» **Aim of the task**:
Drop every image, then reproduce the data exactly as given.

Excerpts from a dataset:
>>>

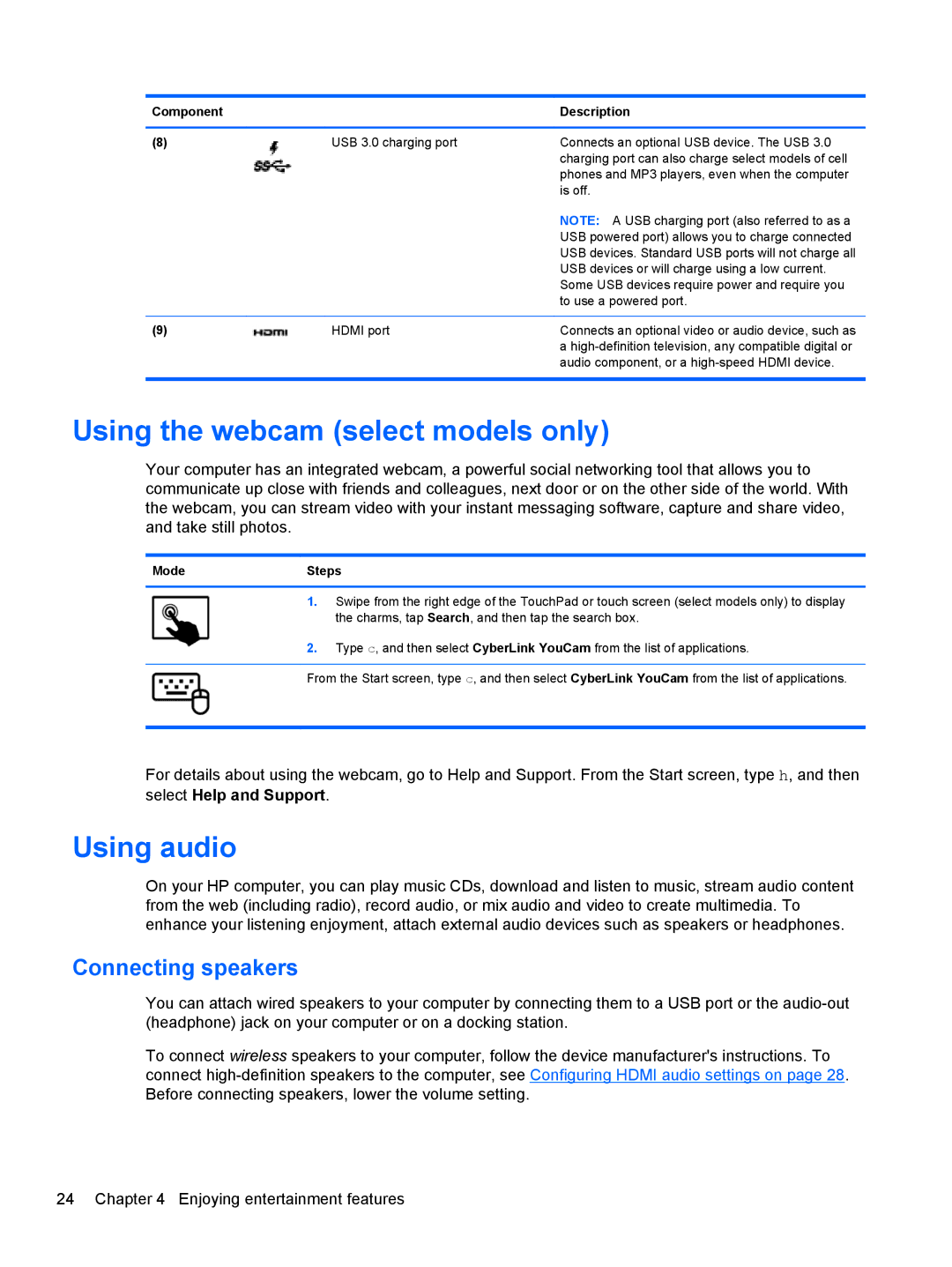 HP E4S13UA#ABA, E4S20UA#ABA, E4S17UA#ABA manual Using the webcam select models only, Using audio, Connecting speakers 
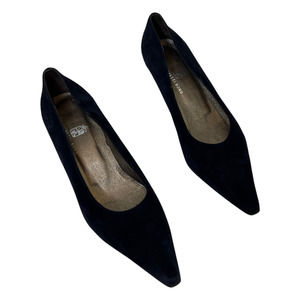 Franchetti Bond Laura Suede Navy Blue Pump Heels Women's Pointed Toe 40.5 US 10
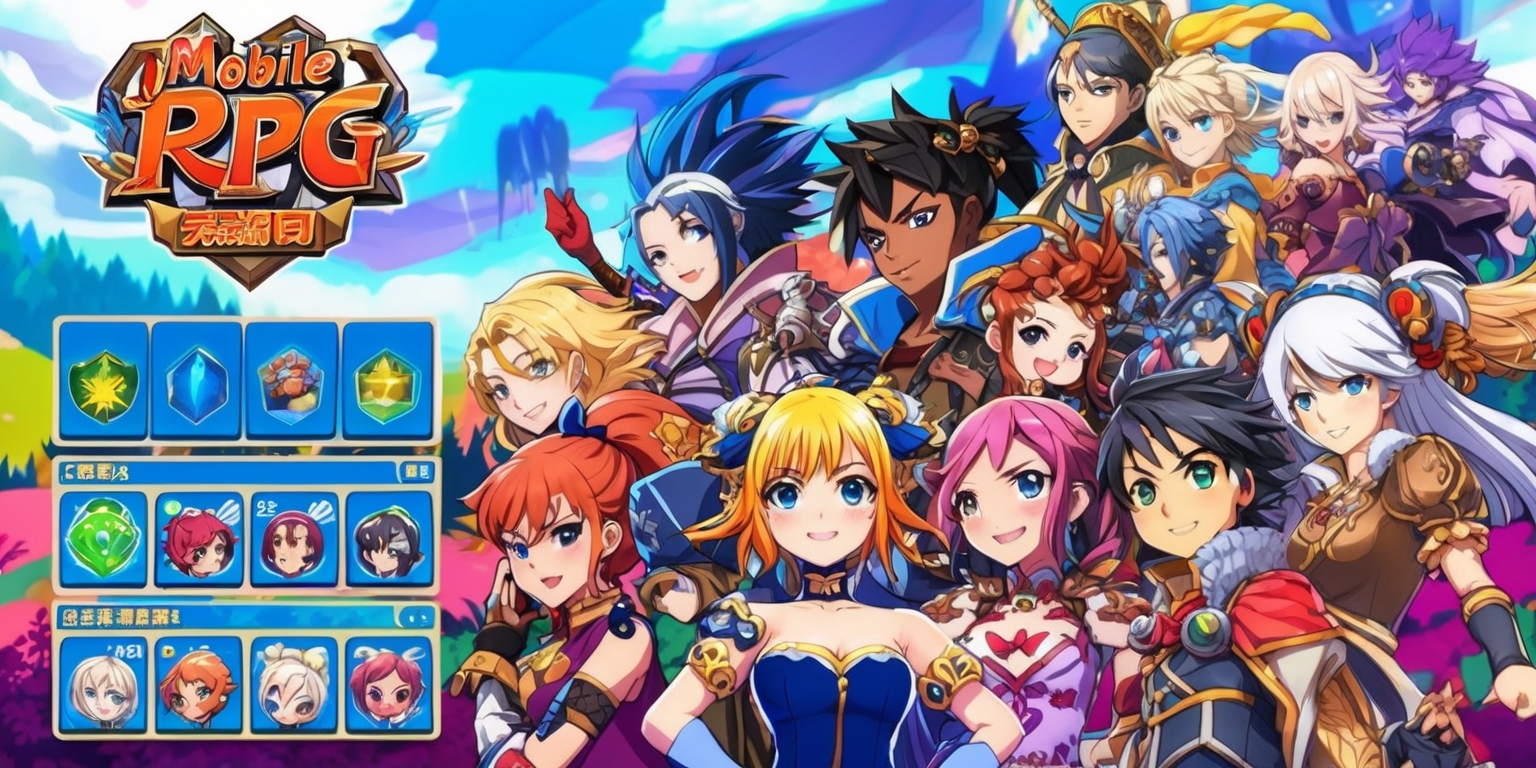 A vibrant anime-style illustration of a mobile RPG game scene, featuring a variety of characters with intricate details, expressive facial features, and diverse skin colors, set against a stylized fantasy background with a mix of bright colors and subtle gradients, the layout includes a selection of in-game icons, menus, and buttons, with a prominent logo of the game at the top, the characters are uniquely designed with distinctive outfits, accessories, and hairstyles, the overall aesthetic is dynamic, youthful, and engaging, with a sense of adventure and excitement, the style is reminiscent of popular anime and manga series, with bold lines, exaggerated emotions, and dramatic poses.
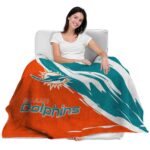 miami dolphins brushstrokes aqua white blanket best selling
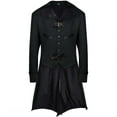 thumbnail image 2 of QATAINLAV Halloween Costume for Men Medieval Steampunk Tailcoat Victorian Gothic Jacket Button Lapel Blazer Tuxedo Coat Solid Color Suit Jacket My Orders Placed by Me Black XXL, 2 of 4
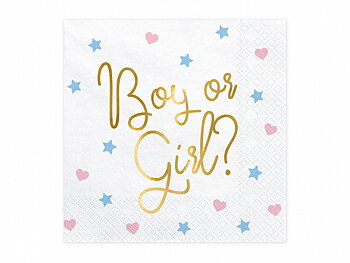Servetter- Boy or Girl, 33x33 cm.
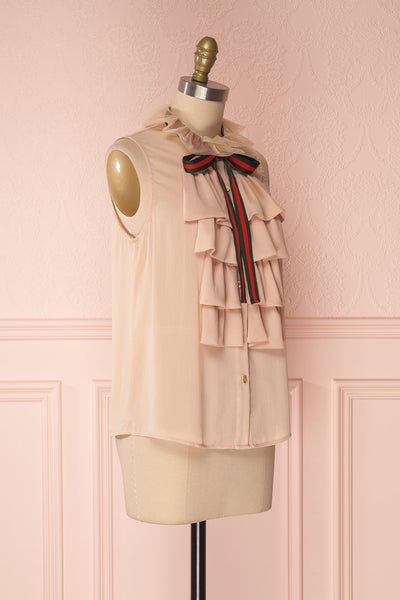 Béla Latte Beige Ruffled Blouse with Bow Collar | Boutique 1861 3
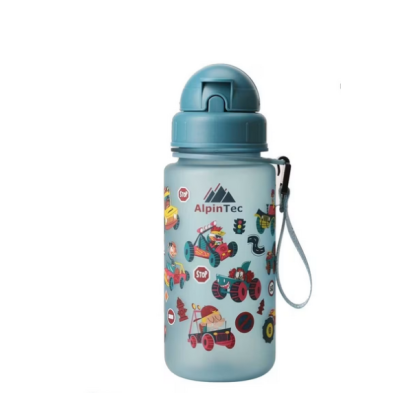 AlpinTec Παγούρι Kids 400Ml  -Με καλαμάκι Glow blue Cars C-400-GBCAR
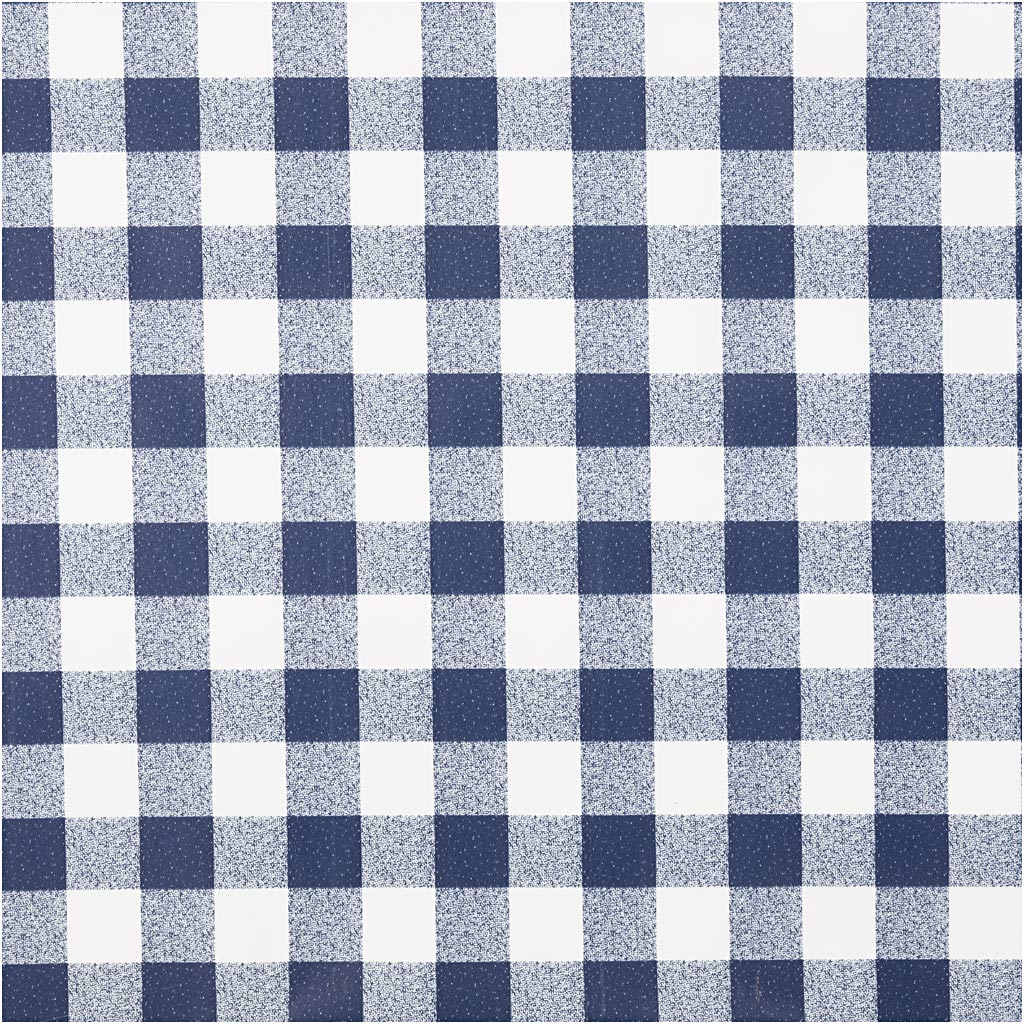 Oilcloth, check, W: 140 cm, blue, white, 20 m/ 1 roll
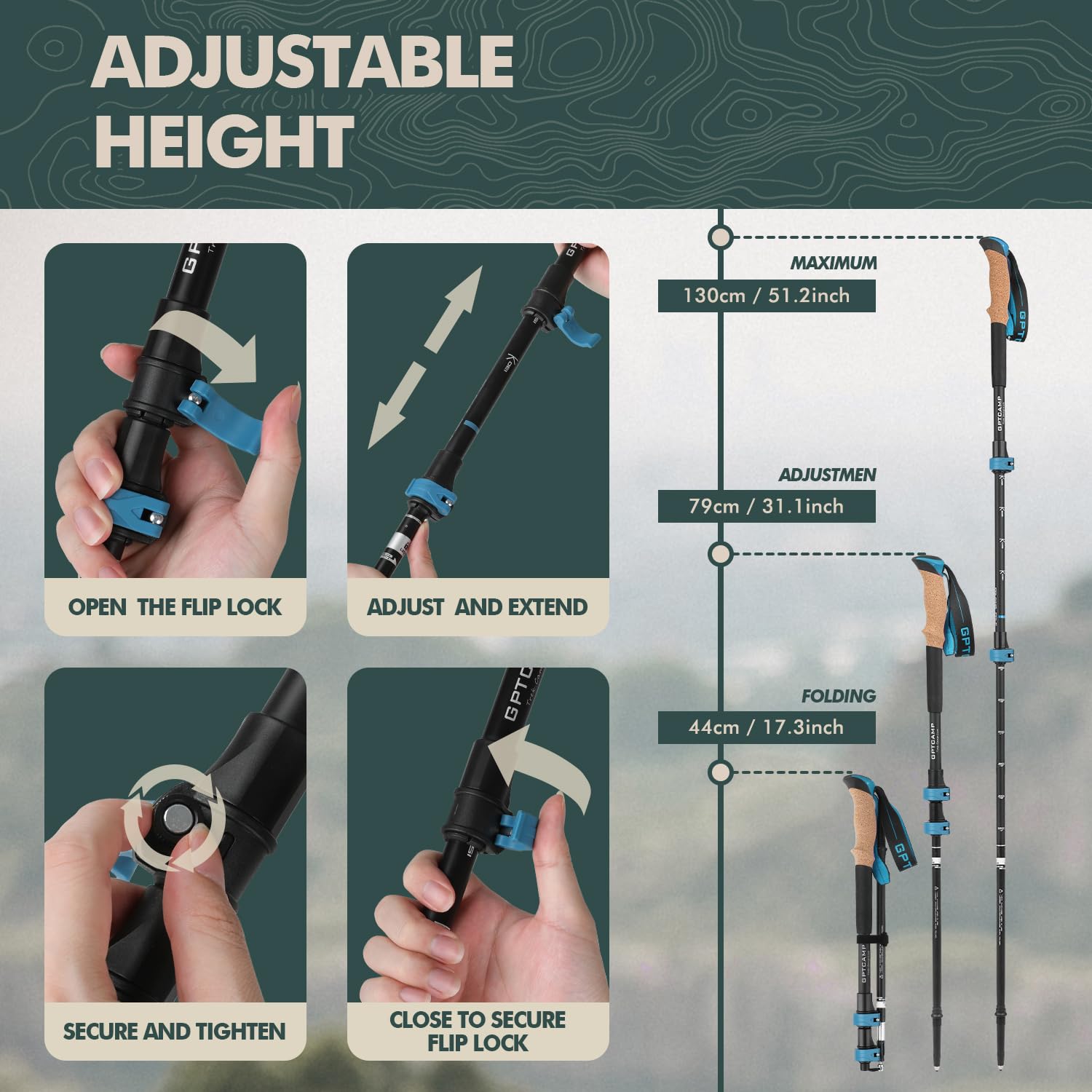 GPTCAMP Collapsible Hiking Trekking Poles with Cork EVA Grips
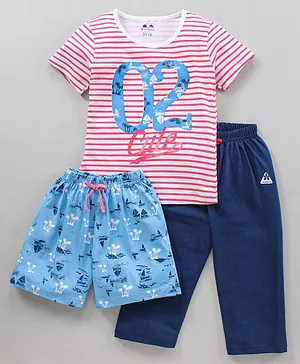 NIOMODA Half Sleeves T Shirt with Pyjama and Shorts Set of 3 - Pink Blue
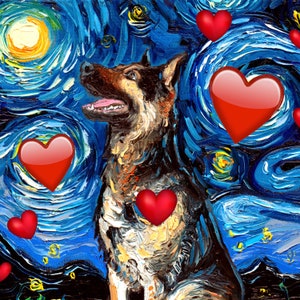 Download digital Cão pastor alemão Valentine Starry Night arte por Aja arquivo PNG para imprimir seus próprios cartões de felicitações Presentes de dia dos namorados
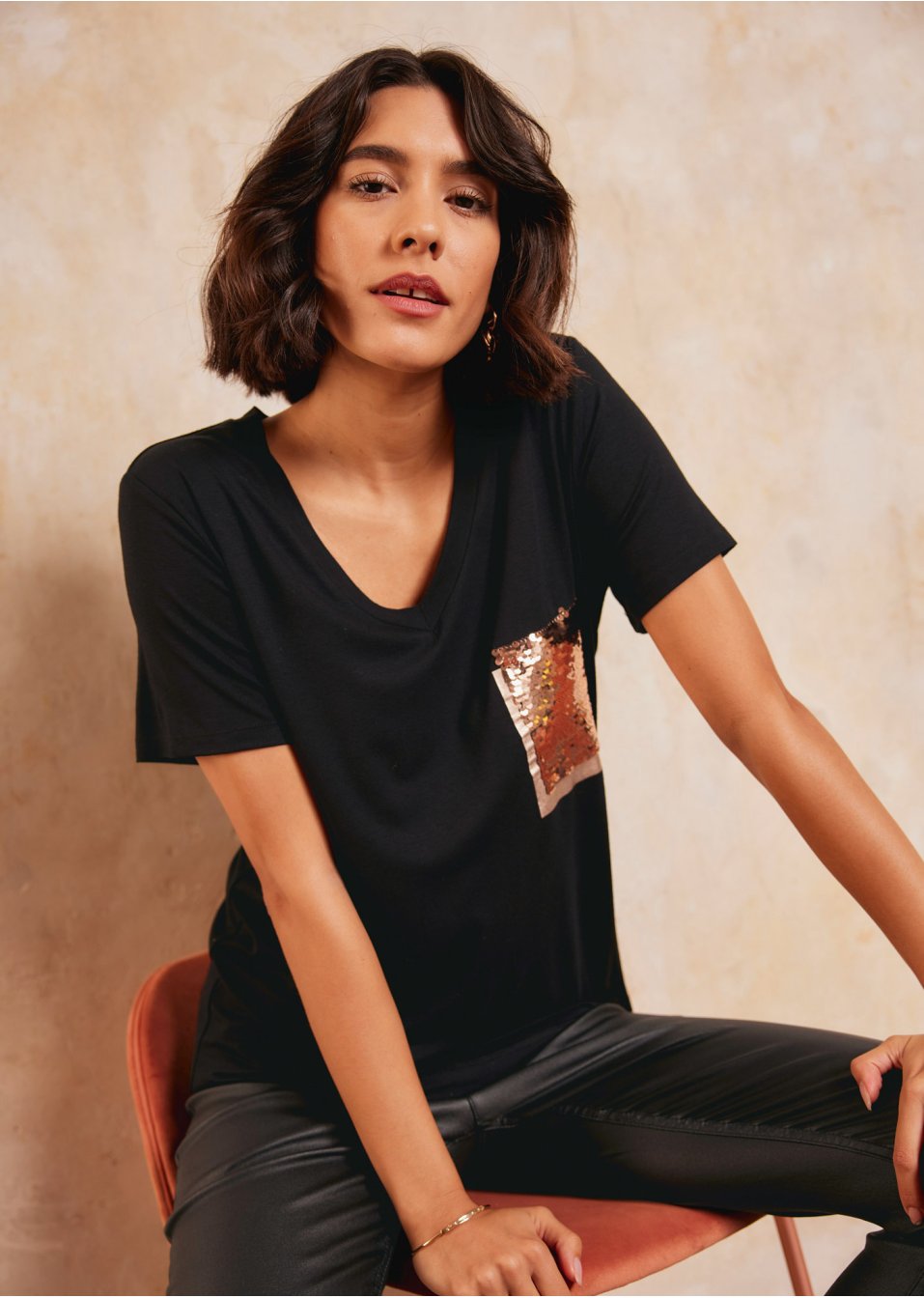 T-shirt à paillettes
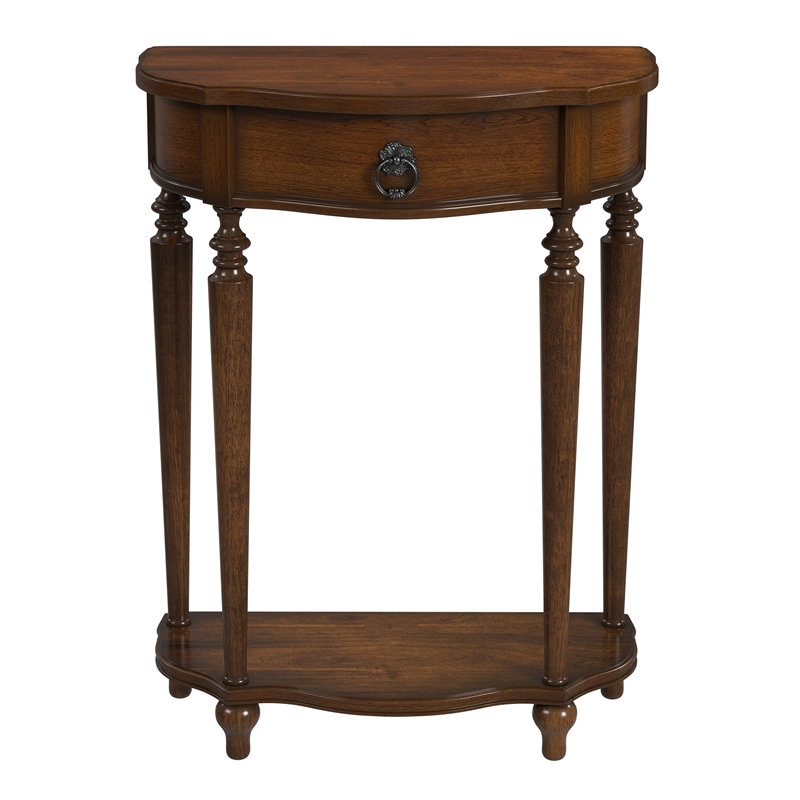 Bowery Hill Traditional Wood Antique Cherry Console Table with Storage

<<<

» **Answer to the exercise**:
 HP E4S13UA#ABA, E4S20UA#ABA, E4S17UA#ABA manual Using the webcam select models only, Using audio, Connecting speakers 
 Franchetti Bond Laura Suede Navy Blue Pump Heels Women's Pointed Toe 40.5 US 10
 A vibrant anime-style illustration of a mobile RPG game scene, featuring a variety of characters with intricate details, expressive facial features, and diverse skin colors, set against a stylized fantasy background with a mix of bright colors and subtle gradients, the layout includes a selection of in-game icons, menus, and buttons, with a prominent logo of the game at the top, the characters are uniquely designed with distinctive outfits, accessories, and hairstyles, the overall aesthetic is dynamic, youthful, and engaging, with a sense of adventure and excitement, the style is reminiscent of popular anime and manga series, with bold lines, exaggerated emotions, and dramatic poses.
 miami dolphins brushstrokes aqua white blanket best selling
 thumbnail image 2 of QATAINLAV Halloween Costume for Men Medieval Steampunk Tailcoat Victorian Gothic Jacket Button Lapel Blazer Tuxedo Coat Solid Color Suit Jacket My Orders Placed by Me Black XXL, 2 of 4
Servetter- Boy or Girl, 33x33 cm.
 Béla Latte Beige Ruffled Blouse with Bow Collar | Boutique 1861 3
 AlpinTec Παγούρι Kids 400Ml  -Με καλαμάκι Glow blue Cars C-400-GBCAR
 Oilcloth, check, W: 140 cm, blue, white, 20 m/ 1 roll
 GPTCAMP Collapsible Hiking Trekking Poles with Cork EVA Grips
 NIOMODA Half Sleeves T Shirt with Pyjama and Shorts Set of 3 - Pink Blue
 Download digital Cão pastor alemão Valentine Starry Night arte por Aja arquivo PNG para imprimir seus próprios cartões de felicitações Presentes de dia dos namorados
 T-shirt à paillettes
 Bowery Hill Traditional Wood Antique Cherry Console Table with Storage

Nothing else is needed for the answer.